Why did they have to go and do that! 

*Paradigm Shift:*
In the battle system of the game, the player can only control one character at a time. The other party members' actions can, however, be affected by a system called the "Paradigm Shift" ("Optima Change" in the Japanese version), which was explained by Motomu Toriyama at Gamescom 2009.

Paradigms are described as "stances" or "classes" that the characters temporarily take during battles to define the abilities they use. However, they are more strict than job classes; for example, the character with a Healer's role equipped can do nothing but heal, while the Attacker's role forces the character to only attack with physical and magical strikes.

The paradigms can be changed at any time to suit the situation at hand. However, they cannot be changed individually to each character, only for the whole party at a time. Thus, a paradigm is a combination of three roles. Possible paradigm variations count up to hundreds. The roles used are shown as colored abbreviations next to the characters' names in the battle screen.

Confirmed paradigms include Aggression, All for One, Dualcasting, Overwhelm, Peacemaker, Relentless Assault, Slash & Burn, The Ettin, Decimation, Smart Bomb, Tireless Charge and Vanguard.


----------



## Shadowdust (Nov 20, 2009)

I wonder if people will whine about this as much as they did the Junction system of VIII. Personally, I like the sound of it. I'm curious to see how Paradigm Shift will play out in the middle of an ATB. You'll definitely have to think quickly on how to adjust your strategies, that's for sure. 
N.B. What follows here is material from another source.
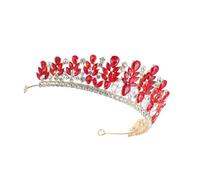DEARMAMY Baroque Rhinestone Bride Crown Crystal Tiara Headband with Red Crystals Bridal Headpiece for Weddings Photoshoots and Formal Celebrations Hair Accessory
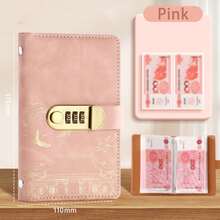 Dompet Uang Ukuran A6 dengan Kunci Sandi, Tempat Penyimpanan Uang Kapasitas Besar, Tas Penyimpanan Pribadi dengan Sandi 3 Digit, 100 Halaman Dalam, Dapat Menyimpan Uang Kertas, Foto, Uang Tunai, Ideal untuk Perjalanan, Kerja, atau Sekolah untuk Privasi - Beraneka warna - View 11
Btw, I forgot to mention that SE also announced their "Lucky 13 Campaign" at the same time as the release date. So on the 13th of every month leading up to the release, we're supposed to get new information on the game. http://www.rpgamer.com/news/Q4-2009/111309b.html


----------



## WarEagleAU (Nov 20, 2009)

I loved the Junction system. I spent days flying around to the hard to reach high level islands just to draw the high spells to 99 and put them on my characters to make them bad ass. I love when I beat 8, IX didnt take me long and I think that was when they did introduce Eidolons, I think. I loved 10,hell I mastered Blitz Ball and the Jecht Shot and Jecht Shot 2. Had X-2 but dont know what happened to it and never did get to beat it. I got XII when I bought my PS3 and am a bit into it but put it down. Ill have to beat it before I get XIII which Im getting from gamestop. Ill get XIII VS too since it has teh princely dude who is bad ass powerful! SUBSCRIBED! (I could just get the download of XIII for the 360 which I have, and pay for the XIII VS for the PS3).


----------



## AphexDreamer (Nov 20, 2009)

I've only played 7 and thats enough to make me want to get 13.


----------



## PP Mguire (Nov 20, 2009)

WarEagleAU said:


> I loved the Junction system. I spent days flying around to the hard to reach high level islands just to draw the high spells to 99 and put them on my characters to make them bad ass. I love when I beat 8, IX didnt take me long and I think that was when they did introduce Eidolons, I think. I loved 10,hell I mastered Blitz Ball and the Jecht Shot and Jecht Shot 2. Had X-2 but dont know what happened to it and never did get to beat it. I got XII when I bought my PS3 and am a bit into it but put it down. Ill have to beat it before I get XIII which Im getting from gamestop. Ill get XIII VS too since it has teh princely dude who is bad ass powerful! SUBSCRIBED! (I could just get the download of XIII for the 360 which I have, and pay for the XIII VS for the PS3).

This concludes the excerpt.